第3回日米原子力研究開発シンポジウム(2019.06.26)

2019年6月26日に、当機構ワシントン事務所の主催により「日米原子力研究開発シンポジウム」がワシントンにて開催されました。

米国側からは、エネルギー省(DOE)、原子力規制委員会(NRC)等政府関係者、国立研究所専門家、原子力エネルギー協会(NEI)等の原子力産業関係者等が参加し、日本側からは原子力機構の他、政府関係者(在米日本国大使館、文部科学省等)、ワシントン駐在の日本企業関係者が参加しました。
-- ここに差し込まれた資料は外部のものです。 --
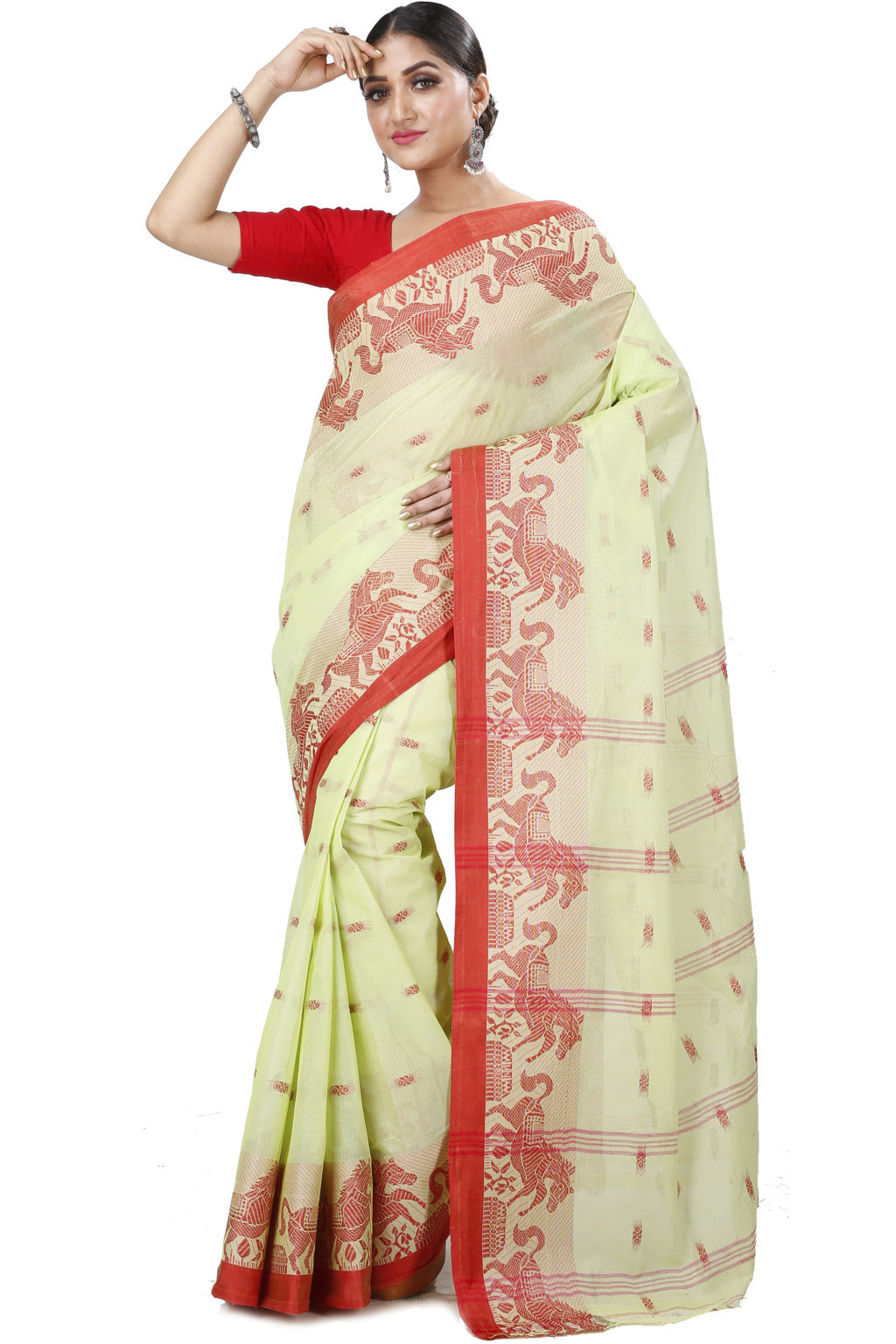 Light Green Pure Cotton Indrani Tant Saree (1018)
冒頭挨拶として、当機構伊藤副理事長から、シンポジウム開催に向けての関係者の協力への謝意とともに、今回のシンポジウムを通じた日米間の原子力研究開発分野の協力の深化と人的ネットワークの拡大への期待や、先進炉や東京電力福島第一原子力発電所事故(以下、「福島事故」)関連の研究開発における国際協力の重要性等を訴えました。続いて在米日本国大使館相川特命全権公使からは、シンポジウム参加者へ歓迎の意とともに、世界的な関心が高まっている「地球環境問題」の観点から原子力の有用性に触れ、R&Dだけでなく、核不拡散等幅広い分野で日米間の協力が重要であるとの所感が述べられました。さらにDOEガリッシュ国際問題担当次官補からは、シンポジウム開催に対する謝意が述べられるとともに、日米間の国際的な研究協力や技術情報の交換、特に廃止措置や除染技術に係る現状に触れ、更なる日米間における協力の重要性が述べられました。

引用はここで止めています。